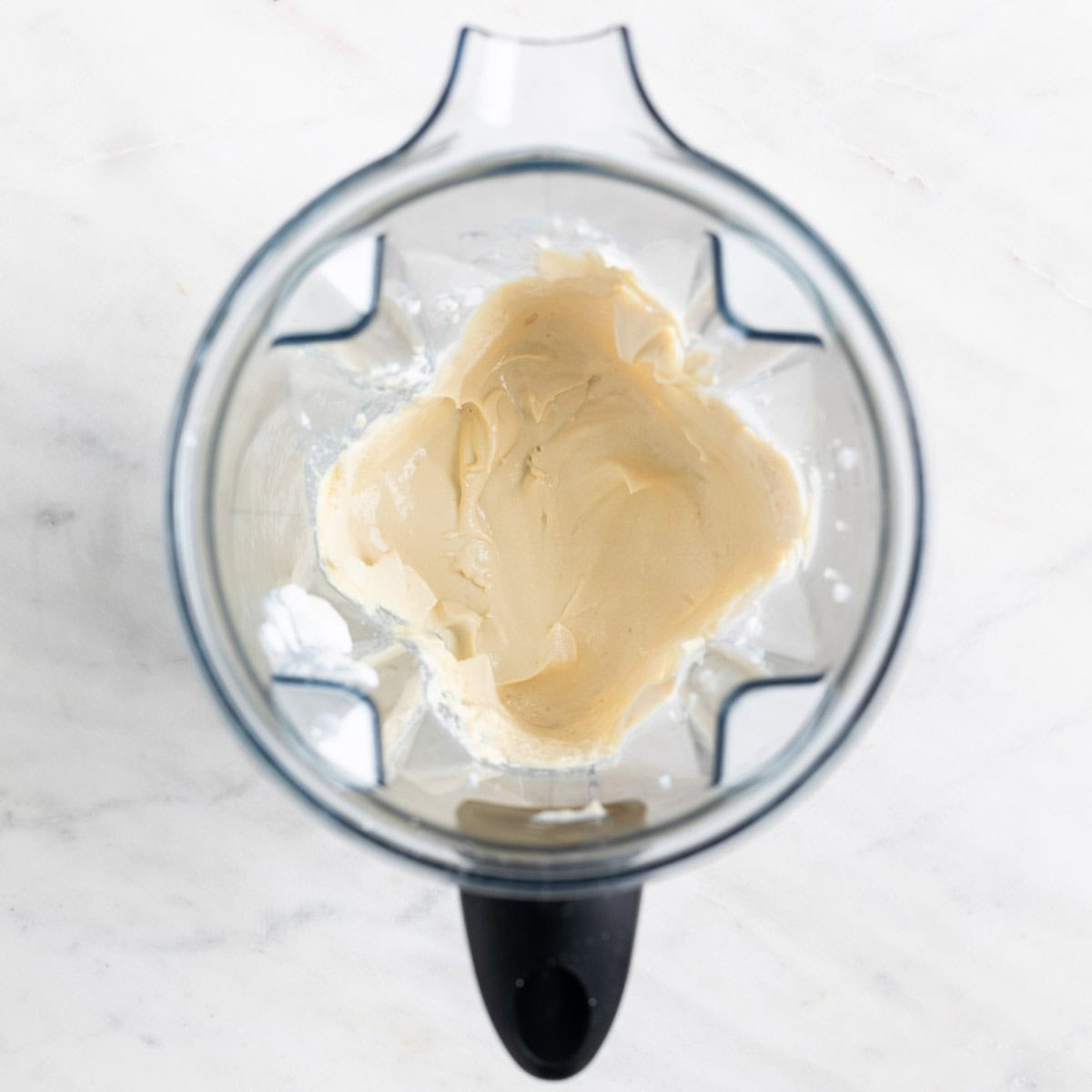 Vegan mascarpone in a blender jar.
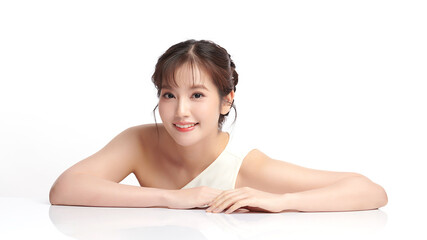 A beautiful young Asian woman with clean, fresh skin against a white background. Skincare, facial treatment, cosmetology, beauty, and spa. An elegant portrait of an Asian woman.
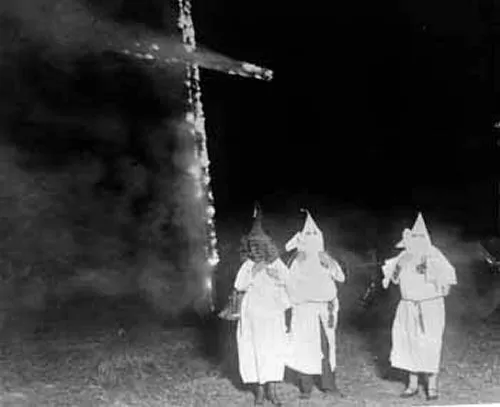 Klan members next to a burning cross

◆ What to do
Copy the data above line for line, skipping every picture.

◆ Exercise response
 Vegan mascarpone in a blender jar.
 A beautiful young Asian woman with clean, fresh skin against a white background. Skincare, facial treatment, cosmetology, beauty, and spa. An elegant portrait of an Asian woman.
 Klan members next to a burning cross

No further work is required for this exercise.